About this task: Give back exactly the lines of the data below, starting with the line that has "751 E Cooper" and going on through the line that has "Атаманском дворце Новочеркасска".

(Records from a collection)
###

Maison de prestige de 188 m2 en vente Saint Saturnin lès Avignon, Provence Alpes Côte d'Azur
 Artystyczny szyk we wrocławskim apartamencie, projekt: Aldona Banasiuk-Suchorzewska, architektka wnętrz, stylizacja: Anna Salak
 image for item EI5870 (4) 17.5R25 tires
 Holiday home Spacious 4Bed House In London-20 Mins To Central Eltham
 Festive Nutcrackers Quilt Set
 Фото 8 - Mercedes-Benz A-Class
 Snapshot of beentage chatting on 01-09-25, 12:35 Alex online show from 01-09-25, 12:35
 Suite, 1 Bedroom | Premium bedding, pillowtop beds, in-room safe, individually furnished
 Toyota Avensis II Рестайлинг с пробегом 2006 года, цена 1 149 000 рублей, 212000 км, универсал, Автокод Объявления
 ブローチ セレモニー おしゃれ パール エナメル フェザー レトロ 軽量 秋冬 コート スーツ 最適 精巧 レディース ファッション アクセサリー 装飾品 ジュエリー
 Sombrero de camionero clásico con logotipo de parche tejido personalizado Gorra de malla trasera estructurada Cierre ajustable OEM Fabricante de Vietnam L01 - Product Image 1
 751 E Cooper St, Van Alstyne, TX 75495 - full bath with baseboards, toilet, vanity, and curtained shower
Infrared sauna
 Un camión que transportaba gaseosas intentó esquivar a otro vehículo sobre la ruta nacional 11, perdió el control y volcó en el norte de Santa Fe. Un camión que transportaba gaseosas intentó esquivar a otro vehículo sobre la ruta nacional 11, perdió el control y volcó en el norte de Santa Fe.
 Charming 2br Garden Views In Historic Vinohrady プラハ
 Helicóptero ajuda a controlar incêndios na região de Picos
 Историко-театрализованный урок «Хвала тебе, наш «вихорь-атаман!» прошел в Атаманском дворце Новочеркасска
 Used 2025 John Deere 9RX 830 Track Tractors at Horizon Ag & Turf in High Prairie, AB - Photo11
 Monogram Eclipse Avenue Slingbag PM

###

Answer to this exercise:
 751 E Cooper St, Van Alstyne, TX 75495 - full bath with baseboards, toilet, vanity, and curtained shower
Infrared sauna
 Un camión que transportaba gaseosas intentó esquivar a otro vehículo sobre la ruta nacional 11, perdió el control y volcó en el norte de Santa Fe. Un camión que transportaba gaseosas intentó esquivar a otro vehículo sobre la ruta nacional 11, perdió el control y volcó en el norte de Santa Fe.
 Charming 2br Garden Views In Historic Vinohrady プラハ
 Helicóptero ajuda a controlar incêndios na região de Picos
 Историко-театрализованный урок «Хвала тебе, наш «вихорь-атаман!» прошел в Атаманском дворце Новочеркасска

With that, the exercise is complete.